4. MODEL APPROPRIATE BEHAVIOR
One of
the most important things to remember as a parent! Monkey see Monkey do! Children do as they see, not as
they’re told. If you want your child to be mindful of others, you must be
mindful of others yourself. If you want your child to by happy, you must smile
without hesitation. There is no one more influential to your child than you.
5. TEACH
There are plenty of skills not
taught in school that play a massive role in defining who your children will
grow up to be. Encourage excellence in all aspects of life. Extracurricular,
school, responsibilities, money. Teach them everything you know about life and
school, they will thank you for it. Kids respond to
gratitude reward their extra efforts. Praise the good things they are
doing then offer advice to improve it in a positive way. Reiterate your interest
in their dedication. Praise and acknowledge
all their hard work and accomplishments and praise good decisions.

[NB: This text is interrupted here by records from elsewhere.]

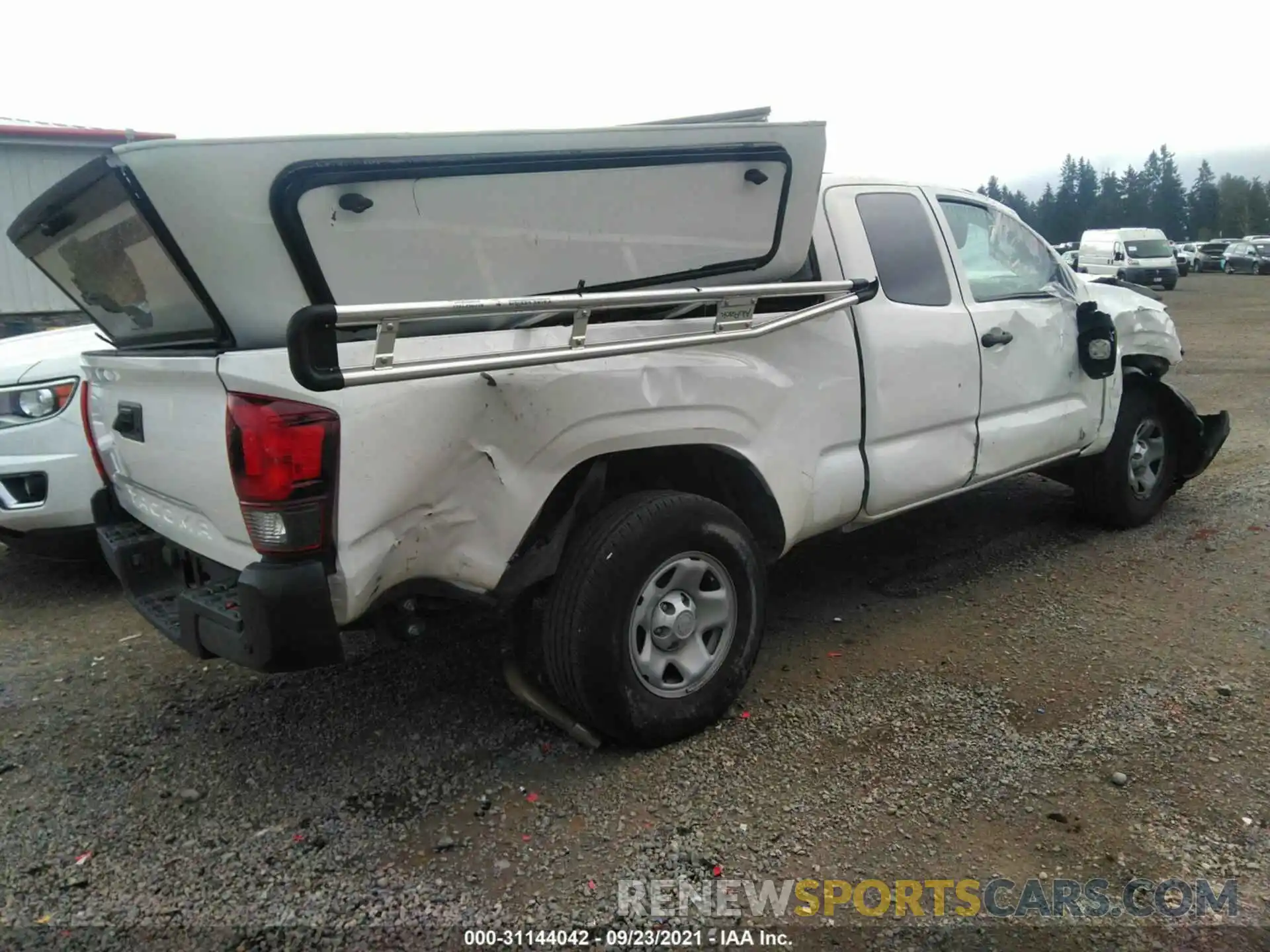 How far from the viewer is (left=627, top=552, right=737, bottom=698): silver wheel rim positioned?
2.98 meters

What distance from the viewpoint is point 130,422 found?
9.96 feet

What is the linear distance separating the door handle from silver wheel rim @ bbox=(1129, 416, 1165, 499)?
150cm

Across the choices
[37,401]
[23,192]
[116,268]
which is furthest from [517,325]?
[23,192]

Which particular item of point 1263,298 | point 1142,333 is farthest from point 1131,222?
point 1142,333

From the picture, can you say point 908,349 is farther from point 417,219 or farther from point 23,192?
point 23,192

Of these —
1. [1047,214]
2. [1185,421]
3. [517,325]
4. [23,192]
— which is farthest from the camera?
[1047,214]

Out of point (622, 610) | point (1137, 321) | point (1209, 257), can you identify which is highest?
point (1137, 321)

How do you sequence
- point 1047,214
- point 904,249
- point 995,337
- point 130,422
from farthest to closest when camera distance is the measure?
point 1047,214 → point 995,337 → point 904,249 → point 130,422

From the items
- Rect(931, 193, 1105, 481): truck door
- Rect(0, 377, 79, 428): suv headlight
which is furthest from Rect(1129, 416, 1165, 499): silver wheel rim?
Rect(0, 377, 79, 428): suv headlight

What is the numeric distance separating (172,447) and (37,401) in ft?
7.82

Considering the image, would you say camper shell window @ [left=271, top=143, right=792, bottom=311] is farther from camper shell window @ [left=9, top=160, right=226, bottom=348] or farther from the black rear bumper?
the black rear bumper

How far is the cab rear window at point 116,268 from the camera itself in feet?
8.50

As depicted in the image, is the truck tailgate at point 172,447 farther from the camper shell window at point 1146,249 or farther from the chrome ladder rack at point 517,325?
the camper shell window at point 1146,249

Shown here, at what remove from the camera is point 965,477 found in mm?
4152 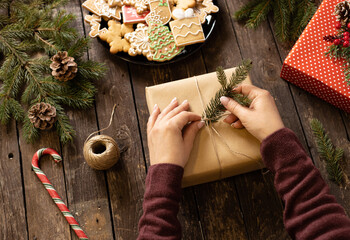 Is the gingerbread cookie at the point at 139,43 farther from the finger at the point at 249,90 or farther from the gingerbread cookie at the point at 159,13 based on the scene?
the finger at the point at 249,90

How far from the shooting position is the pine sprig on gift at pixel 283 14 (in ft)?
4.79

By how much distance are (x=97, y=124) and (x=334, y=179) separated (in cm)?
98

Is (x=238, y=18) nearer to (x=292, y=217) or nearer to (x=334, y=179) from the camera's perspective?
(x=334, y=179)

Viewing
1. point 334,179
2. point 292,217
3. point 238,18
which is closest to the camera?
point 292,217

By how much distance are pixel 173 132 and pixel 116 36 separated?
0.56 meters

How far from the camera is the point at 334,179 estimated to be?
4.34 ft

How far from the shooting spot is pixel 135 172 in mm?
1380

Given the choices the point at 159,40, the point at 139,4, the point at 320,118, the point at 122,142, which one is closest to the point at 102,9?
the point at 139,4

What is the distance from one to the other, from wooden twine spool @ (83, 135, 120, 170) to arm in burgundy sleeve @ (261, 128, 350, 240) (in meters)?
0.54

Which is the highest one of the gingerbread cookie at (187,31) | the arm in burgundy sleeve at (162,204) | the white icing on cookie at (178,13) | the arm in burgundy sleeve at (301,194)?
the white icing on cookie at (178,13)

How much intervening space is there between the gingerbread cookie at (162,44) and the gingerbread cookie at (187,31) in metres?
0.03

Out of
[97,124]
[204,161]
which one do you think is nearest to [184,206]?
[204,161]

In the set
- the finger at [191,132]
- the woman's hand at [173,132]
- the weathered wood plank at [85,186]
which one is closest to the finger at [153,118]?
the woman's hand at [173,132]

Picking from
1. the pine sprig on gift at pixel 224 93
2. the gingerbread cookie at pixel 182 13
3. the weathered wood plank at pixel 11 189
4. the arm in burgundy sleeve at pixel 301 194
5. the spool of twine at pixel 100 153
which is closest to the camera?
Result: the arm in burgundy sleeve at pixel 301 194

Also teach
your kid to make decisions in health, and money give them the opportunity to
make the decision for themselves. Let them know if it is a good one or bad one and give
them the opportunity to make the right choice based on their experience. Give
them chores and responsibilities make them understand that it is expected and
when they volunteer to do something not expected of them it should be rewarded.
Children need the tools that will help them be the best that they can be in all
aspects of life.
I hope this
gives insight into being an involved parent and I pray you gain what I have. Our children are our future let’s make sure with safeguard them and
give them all the things they need to thrive.